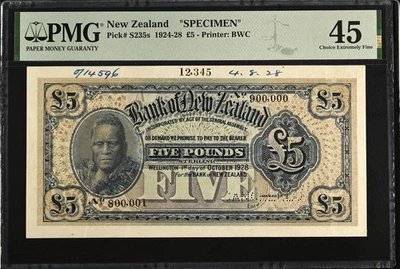 New Zealand 1924-28 £5, Wellington, SPECIMEN, Pick # S235s PMG 45 - Image 1 of 2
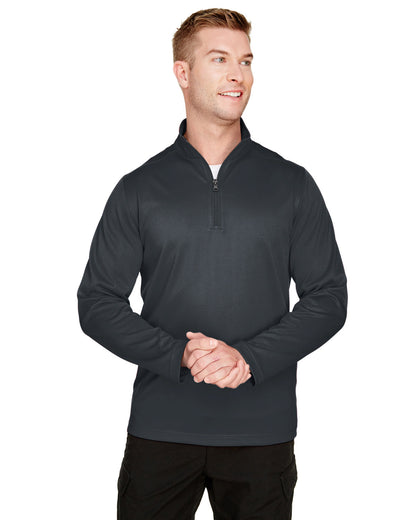 Harriton Men's Advantage Snag Protection Plus Quarter-Zip M748 #color_DARK CHARCOAL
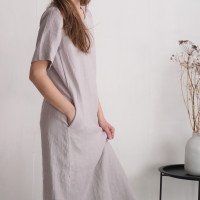 Robe tunique en lin à fentes latérales PUTUMAYO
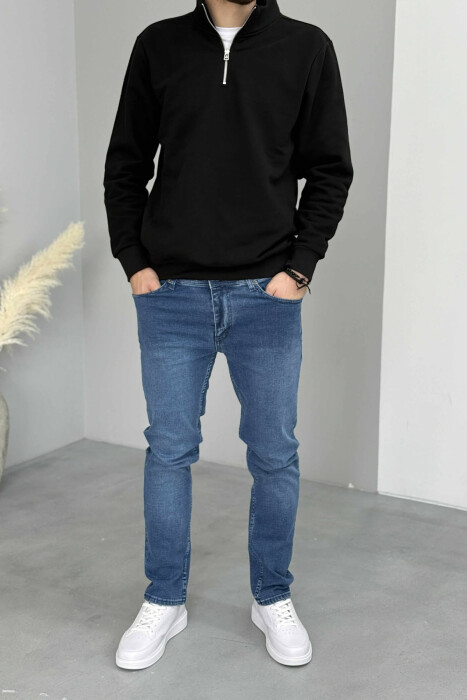 XHINSE TË THJESHTA NJË NGJYRËSHE ME ELASTICITET PËR MESHKUJ NË NGJYRË BLU - KLAUDIO FASHION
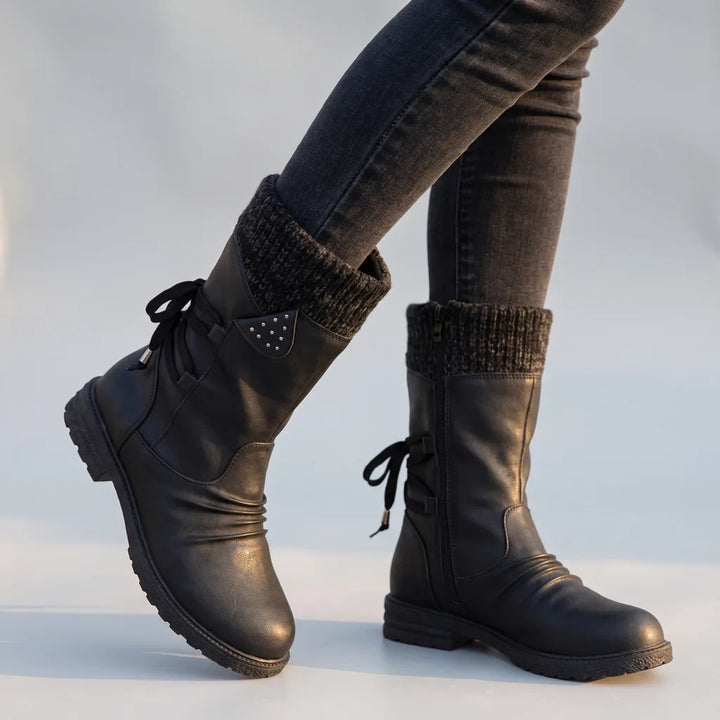 Ophelia | Women's Orthopedic Mid-Calf Boots - Color:Black;Size:35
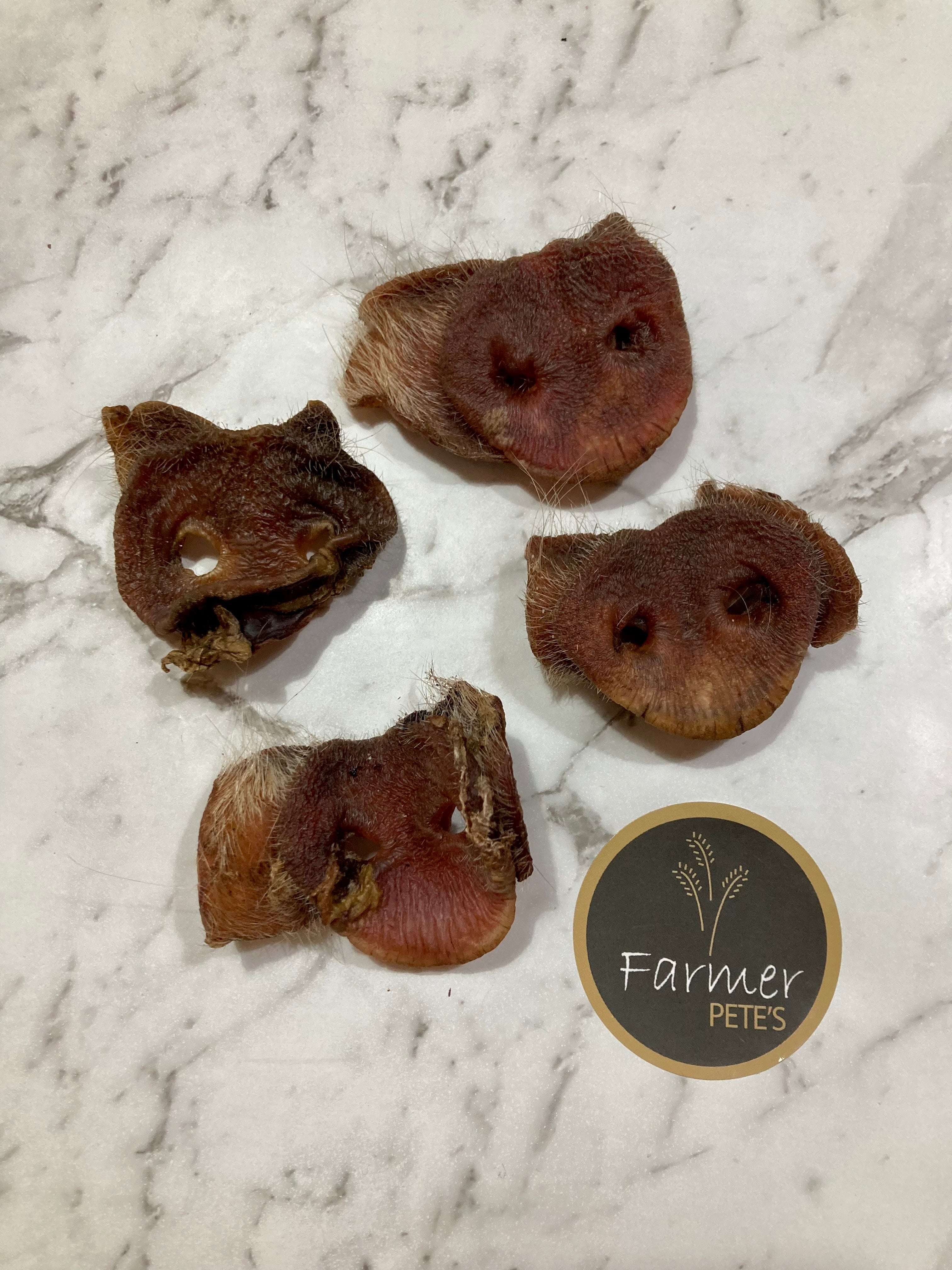 Dried Pig Snouts great natural treats for dogs, Australian pet treat products by Farmer Pete's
........
## Your task
The required answer is the lines from the one that contains "XHINSE TË THJESHTA" through the last line of the records, restated word for word, with every picture dropped.

## Exercise output
 XHINSE TË THJESHTA NJË NGJYRËSHE ME ELASTICITET PËR MESHKUJ NË NGJYRË BLU - KLAUDIO FASHION
 Ophelia | Women's Orthopedic Mid-Calf Boots - Color:Black;Size:35
 Dried Pig Snouts great natural treats for dogs, Australian pet treat products by Farmer Pete's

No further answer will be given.